Anonymity is granted only at the discretion of the editor, who also reserves the right to edit letters.

Panic buying stupidity

The empty vegetable aisle in Sainsbury’s which illustrated your report of panic buying (SA, March 20) was replicated when I went to Waitrose this morning. Several other product aisles were also almost empty. It appears panic buying has now extended to fresh food, much of which, I suspect, will end up being thrown away because it will go off before it can be eaten.

This is much more serious than the often reported hoarding of toilet rolls. Lack of fresh food, especially fruit and vegetables, will cause further health problems if some people are unable to get any.

The coronavirus crisis will be with us for a very long time. I hope the thoughtless and selfish people who are panic buying will change their behaviour. If they do not the government may need to force them to do so by reintroducing food rationing, last seen during and after the Second World War.

Peter Gallagher, Folkestone Road, Swindon

Donate sanitisers

Ok people of Swindon and surrounding areas.

Your help is needed for the smaller care/residential homes. Lots of them have had problems due to people stockpiling, so cannot get the normal shopping and antibacterial items that they use every day.
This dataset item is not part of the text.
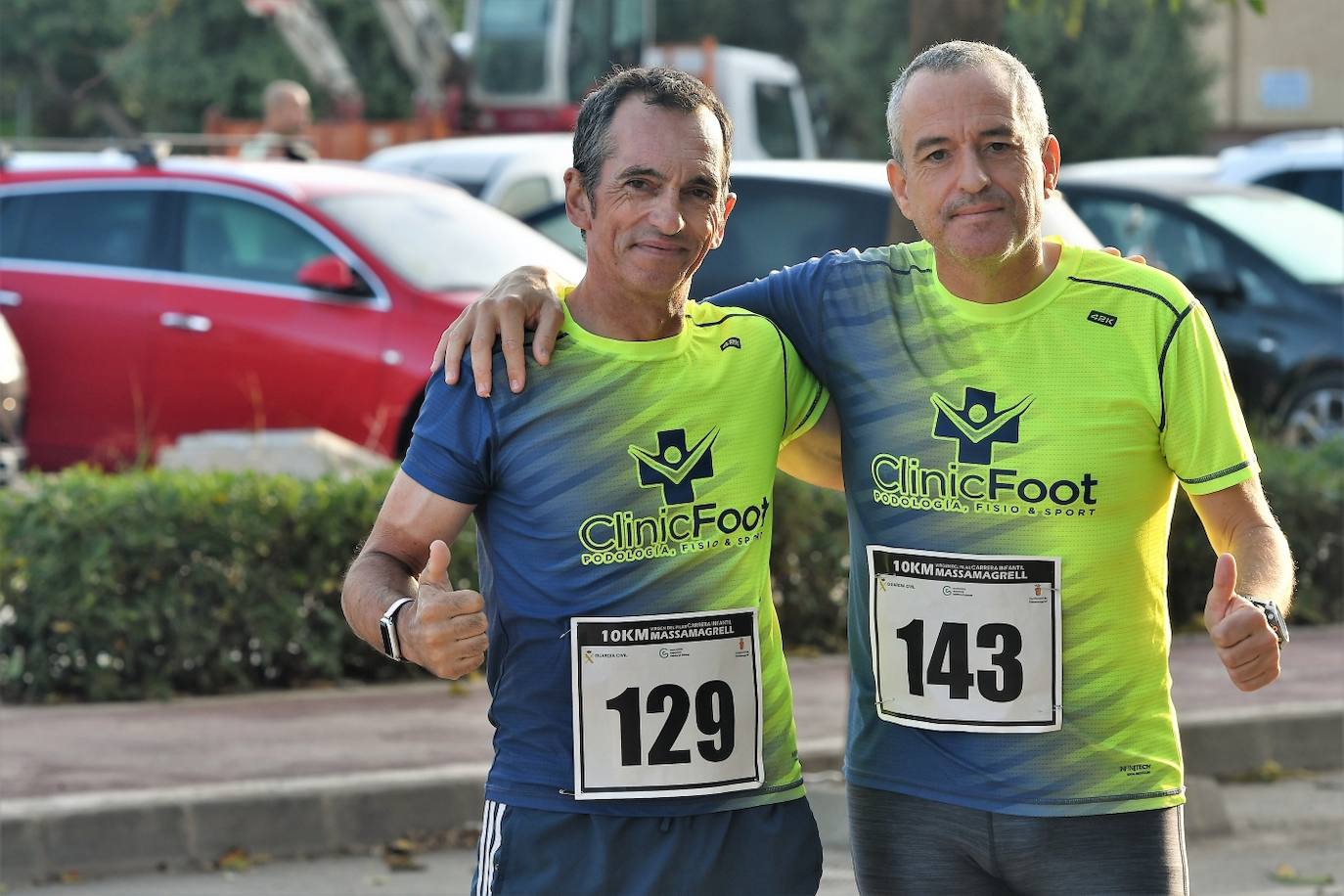 Los corredores en la 10K de Massamagrell.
Do you know a care worker that you can donate things like handwash, sprays wipes too?

If so please pass them on to keep your family, friends and relatives safe. Us support staff are doing our best to try and buy the items but our working hours have not been the best for shopping for them. Thank you if you can help.

Tracey Ettwell, Support worker

A lesson in isolation

I am a widow and despite spending my life wining and dining, travelling, renovating properties and undertaking voluntary work, I still come home and rise in the morning to no one. I spend life in isolation with no one.
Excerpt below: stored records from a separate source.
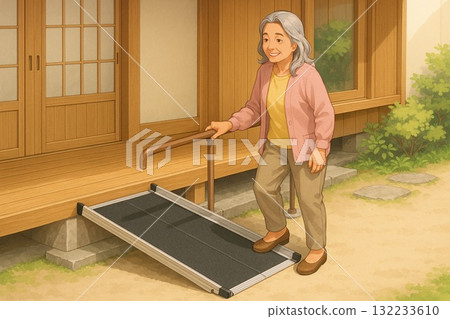 在日式入口處安裝坡道 132233610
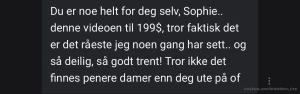Takk for alle de fine tilbakemeldingene dere gj r dagene mine s mye part 2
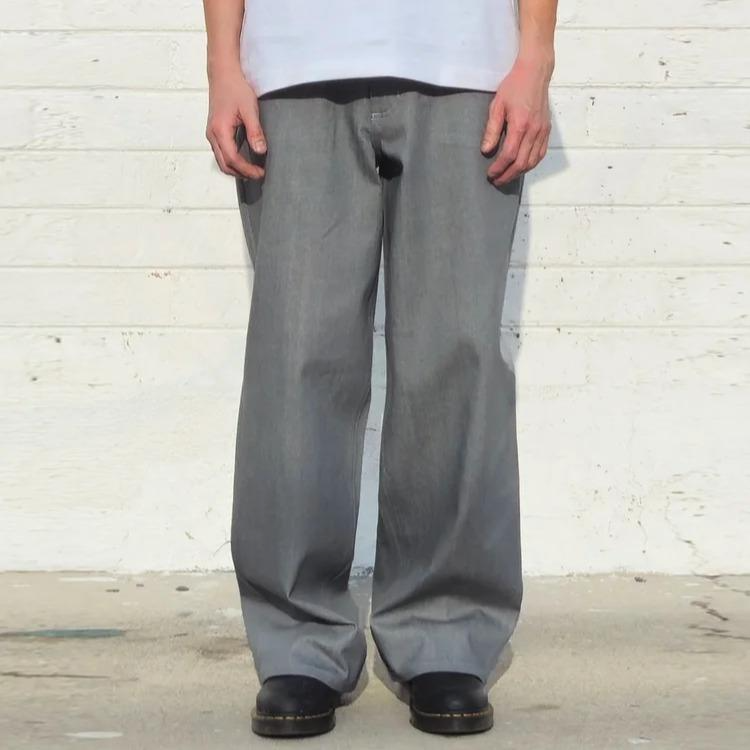 Neo Blue Baggy Pants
Isolation is now the order of the day but many fortunate folk will luckily do isolation with someone. I have to say that knowing that everyone is enduring isolation at present makes me feel a tiny bit better - only because unusually, I am almost in the same boat as everyone else.

When this emergency is over, may I ask folk who have experienced isolation, to please show some consideration for those of us who will be obliged, by an unwanted quirk of life, to continue to do life this way.

Mrs Louise Hill, Old Vicarage Lane, South Marston

Don’t carry on as usual

Is Bill Williams for real? He says in his letters he will carry on as usual (SA, March 18 and March 23).

I assume these letters were written before Boris’s latest directive about staying at home, and I would hope now he has modified his view.

If he carries on as usual he could be spreading infection and making the NHS task harder.

Has he not listened to all the publicity and realised the danger of the situation?

None of us want to be confined to home.

But the government would not put such measures in place if they did not believe they were imperative to our safety.

If we follow the guidelines given about who and when to go out we will not be carrying on as usual but adapting our behaviour to address this very worrying situation.

With his imagination, as expressed in his letters, I’m sure he will be able to think of ways to keep occupied without watching TV repeats and not all ladies want to go to bingo anyway, me included.

I will agree with him though, we will succeed in the end.